‘Drill, baby, Drill VS Basic Math: A letter to my family.

Several days ago I had the pleasure of a dinner with my extended family at the Cheesecake Factory. As with most such gatherings, it took around fifteen minutes for this heartwarming reunion to spawn a light-hearted argument. On one side- me, saying that continuing to drill every-damn-where and ignore the growing untenability of our petroleum-dependent lifestyles might be a bad thing. And on the other side, members of my extended family. Their argument went something like this:

1. You’ll never convince the hard-toiling masses that some distant environmental concerns outweigh their need for cheap gas.

2. Alaska has enough oil to keep America going for like, 200 years. You hear this specific claim all over the place- often with the added factoid that Alaskan wonder-gas would cut our pump prices down to $1.50.

3. Energy independence means the terrorists have one less ball in their court.

It isn’t an overly nuanced take on the issue. But it is a hard one to argue with, if those are indeed the facts. Tens of millions of Americans live paycheck to paycheck. If you’re working construction or landscaping and hauling tools all day in a 14 mpg truck or slinging loads of kids around the suburbs in a 17 mpg SUV, the cost of gas is a big damn concern for you. Theoretical environmental worries don’t come close to real issues, like paying the rent and meeting your health insurance deductible.

So in today’s letter to the conservative parents of the world, I’m going to leave the environmental argument entirely out of it. They don’t much care what happens to ANWR and making that a pillar of any argument isn’t going to get you anywhere. Every claim you make about global warming or ecological ruin will be met by, ‘PEOPLE matter more than BEARS and we need cheap gas to make our economy GO again!’

Instead, let’s focus on their claims, and see if increased drilling really could make some of middle America’s problems go away.

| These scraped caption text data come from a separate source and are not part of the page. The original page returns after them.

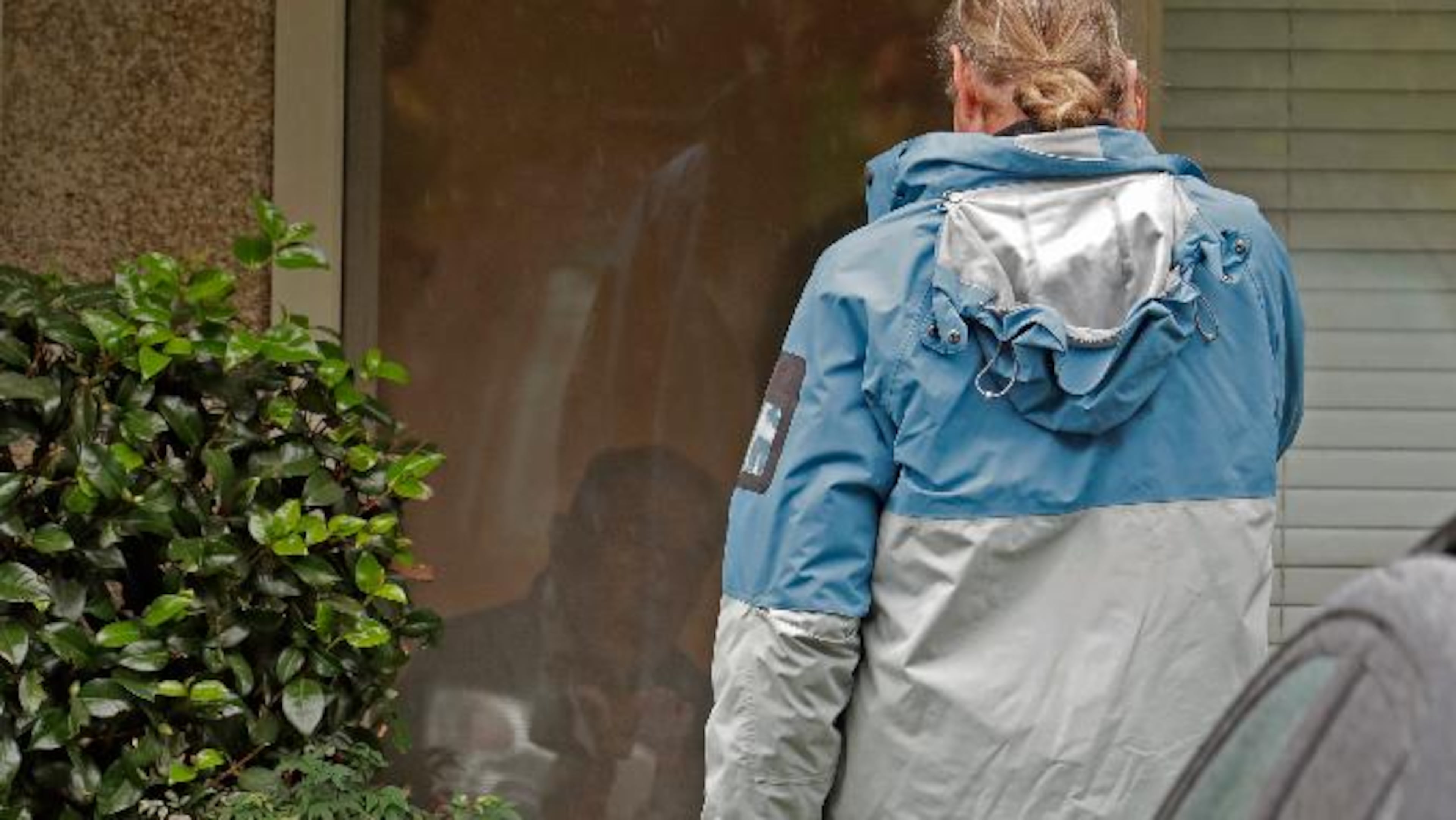 Gene Campbell, left, watches through his window as he talks on the phone with son Charlie at the Life Care Center in Kirkland, Washington. Charlie and his mother Dorothy came to visit Gene on Friday. Charlie later told reporters that his father, who had not yet been tested, was showing symptoms of the virus and would be taken to a hospital.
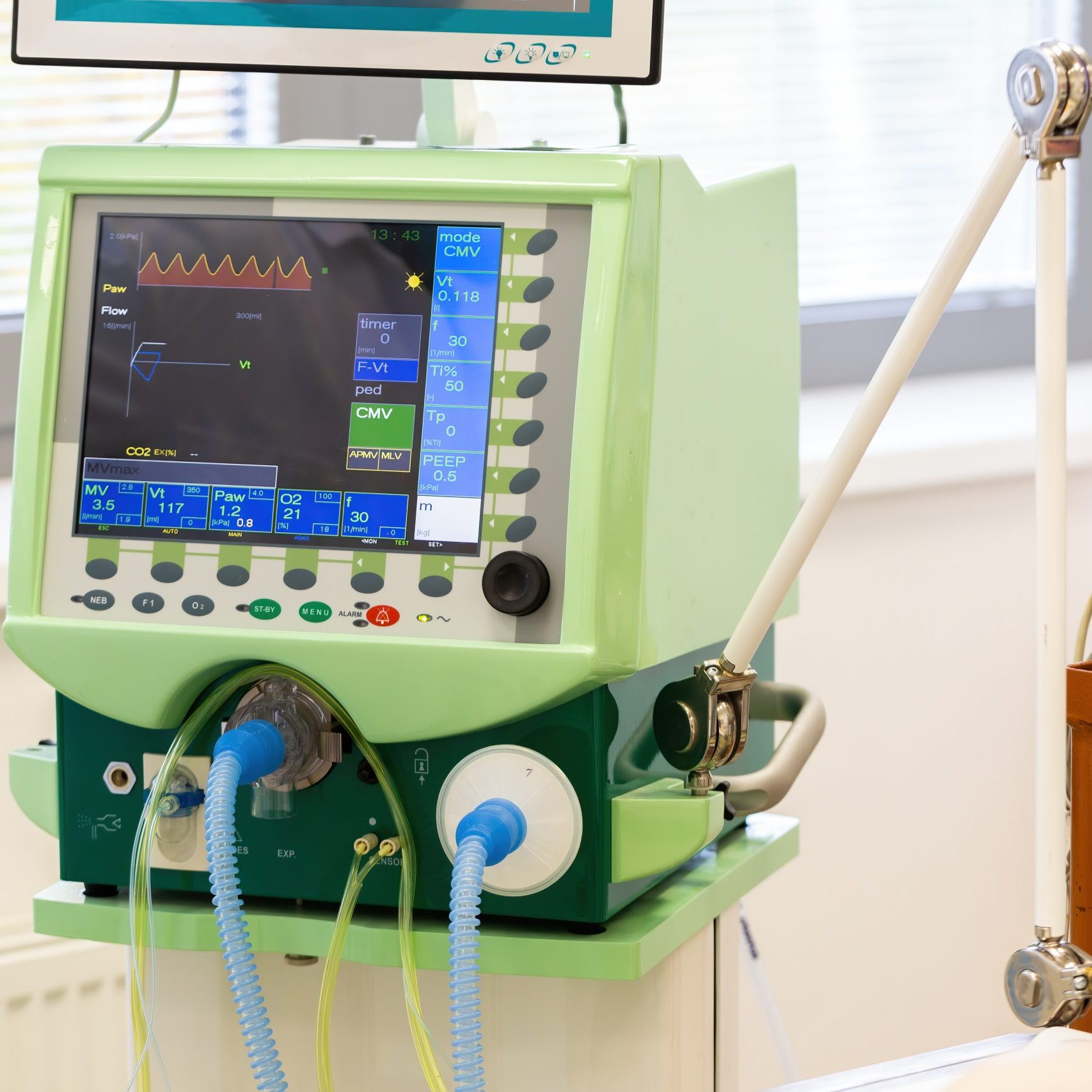 Monitor of pulmonary ventilator in hospital with tubes for air. Display with graphs used for artificial breathing assistance to patients on intensive care unit or during operations.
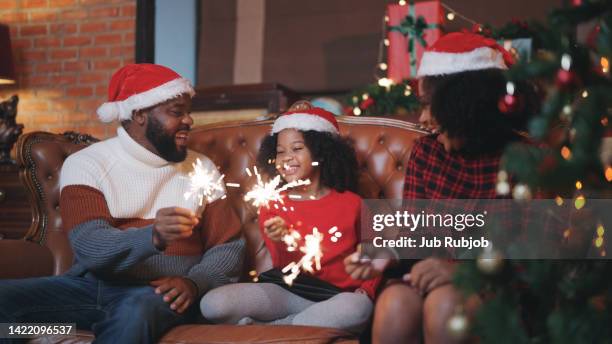 parents and children are very happy and happy to decorate the house during the christmas period. holding fire and dancing to wish happiness in the new yea - the red room opening party inside fotografías e imágenes de stock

Two hundred years of oil! That’s what we’ve heard is sitting, untapped, up there in Alaska. And interestingly enough, proponents of drilling in Wyoming make the exact same claim about that state’s oil holdings. Apparently we find big, round numbers much more compelling than accurate ones. So let’s fight back with some numbers of our own.

19,150,000. That’s the number of barrels of oil our nation uses every day.

– 6,989,750,000 That’s the number of barrels of oil our nation goes through in a year.

– 1,397,950,000,000 Assuming our oil need remains stable (it won’t) that’s how many barrels of oil Alaska would need to be hiding in order to fuel the USA for two centuries.

And finally…

– 29,400,000,000. That’s the highest reputable estimate I’ve been able to find for the number of barrels in ANWR.

You may notice that number is much tinier than the one above it. In fact, ANWR only holds 1/47.5th of the oil we’d need to make it another two hundred years. In other words, all the fuel in Alaska would be enough to run America for 836 days. Two and a half years.

God, things really look different once you have the facts in hand, don’t they?

But hey, so Alaskan oil won’t be able to keep Jean-Luc Picard’s hummer topped off. That doesn’t mean it can’t cause a substantial drop in gas prices for us in the here and now. Smart science-y people are hard at work figuring out an alternative energy solution for the world. But we need to keep the cost of living reasonable while we wait, right? Drill baby, drill still makes sense if you just want to cut down on the cost of living.

And here, of course, is where the ugly, drunk cyclops of truth comes out to take a swing at the hobgoblin of rhetoric. Drilling for more gas does not decrease the price of gas. This isn’t an opinion, it isn’t a theory and it isn’t speculation. This is a fact, based on thirty-six goddamn years of studying the market. Don’t take my word for it- take the word of this gigantic AP study.

“A statistical analysis of 36 years of monthly, inflation-adjusted gasoline prices and U.S. domestic oil production by The Associated Press shows no statistical correlation between how much oil comes out of U.S. wells and the price at the pump.”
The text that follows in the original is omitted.